\begin{aligned} \frac{dy}{dx} = \lim_{\Delta x\to 0} \frac{\Delta y}{\Delta x} \end{aligned}
Chain Rule says we can solve it this way:
\begin{aligned} \frac{dy}{dx} = \frac{dy}{du} * \frac{du}{dx} \end{aligned}
The above equation comes with below proving process:
1, somehow we think using the below equation is a good idea,
\begin{aligned} \frac{\Delta y}{\Delta x} = \frac{\Delta y}{\Delta u} * \frac{\Delta u}{\Delta x} \end{aligned}
2, then we convert: $\frac{\Delta y}{\Delta x}$ to $ \frac{dy}{dx}$ form
\begin{align} \frac{dy}{dx} &= \lim_{\Delta x\to 0} \frac{\Delta y}{\Delta x}\\&= \lim_{\Delta x\to 0} [\frac{\Delta y}{\Delta u} * \frac{\Delta u}{\Delta x}]\\&= \lim_{\Delta x\to 0} [\frac{\Delta y}{\Delta u}] * \lim_{\Delta x\to 0} [\frac{\Delta u}{\Delta x}]\\&= \lim_{\Delta u\to 0} [\frac{\Delta y}{\Delta u}] * \lim_{\Delta x\to 0} [\frac{\Delta u}{\Delta x}]\\&= \frac{dy}{du} * \frac{du}{dx} \end{align}
But since we have replaced: $\lim_{\Delta x\to 0}$ to $ \lim_{\Delta u\to 0}$ , it might not be legitimate to do so, the ${\Delta u}$ might becomes $0$ as${\Delta x \to 0}$
So George Simmons in his book "Calculus With Analytic Geometry" page 94-95 mentioned:
\begin{aligned} \frac{\Delta y}{\Delta u} &= \frac{dy}{du} + \epsilon \\ \Rightarrow \Delta y &= \frac{dy}{du} * \Delta u + \epsilon * \Delta u \\ \Rightarrow \frac{\Delta y}{\Delta x} &= \frac{dy}{du} *\frac{\Delta u}{\Delta x} + \epsilon * \frac{\Delta u}{\Delta x} \\ \Rightarrow \frac{dy}{dx} &= \lim_{\Delta x\to 0} \frac{\Delta y}{\Delta x} \\ &= \lim_{\Delta x\to 0} [\frac{dy}{du} *\frac{\Delta u}{\Delta x} + \epsilon * \frac{\Delta u}{\Delta x}] \\ &= \lim_{\Delta x\to 0} [\lim_{\Delta u\to 0} \frac{\Delta y}{\Delta u} *\frac{\Delta u}{\Delta x} + \epsilon * \frac{\Delta u}{\Delta x}] \\ &= \lim_{\Delta x\to 0} [\frac{\Delta y}{\Delta x} + \epsilon * \frac{\Delta u}{\Delta x}] \\ &= \frac{dy}{dx} + \epsilon * \frac{du}{dx} \end{aligned}
But why we are doing it this way?

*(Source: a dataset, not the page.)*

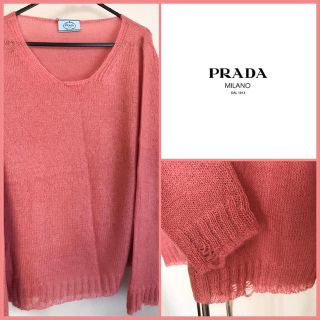 プラダ(PRADA)の☆PRADA☆とっても可愛いダメージモヘアニット♪ (ニット/セーター)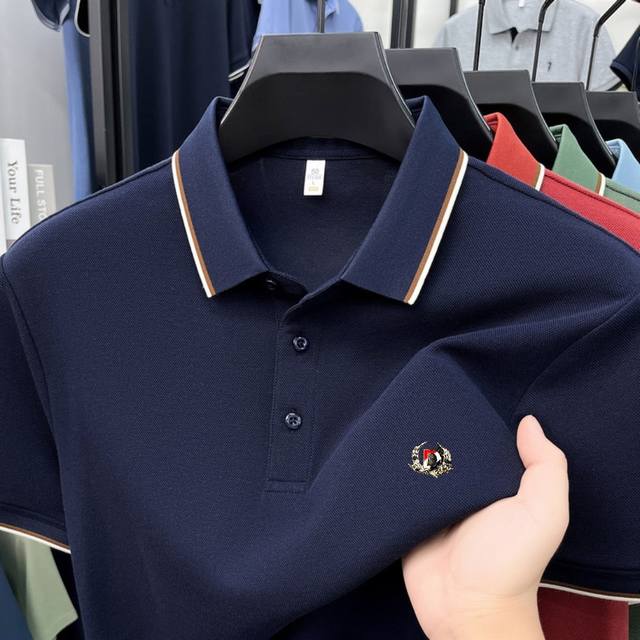 p160 Dior 2026 Spring/Summer High-Quality Men's Polo Shirt, Short Sleeve. Made w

I truly dont understand it, why not writeing this way? $\lim_{\Delta x\to 0} \frac{\Delta y}{\Delta u} = \frac{dy}{du} + \epsilon$
His argument is that when one writes
\begin{equation}\lim _{{\Delta} u \rightarrow 0} \frac{{\Delta} y}{{\Delta} u} = \frac{d y}{d u}\end{equation}
it actually means
\begin{equation}\lim _{\substack{{\Delta} u \rightarrow 0\\ {\Delta} u \neq 0 }} \frac{{\Delta} y}{{\Delta} u} = \frac{d y}{d u}\end{equation}
so one cannot write
\begin{equation}\frac{{\Delta} y}{{\Delta} u} = \frac{d y}{d u}+{\epsilon}\end{equation}
when there is a risk that $ {\Delta} u = 0$. In the case of the chain rule, he says that $u$ depends on $x$, so when $ {\Delta} x \neq 0$, it is not necessarily true that $ {\Delta} u \neq 0$. So instead of writing the above, he writes
\begin{equation}{\Delta} y = \frac{d y}{d u} {\Delta} u+{\epsilon} {\Delta} u\end{equation}
which remains true even when $ {\Delta} u = 0$.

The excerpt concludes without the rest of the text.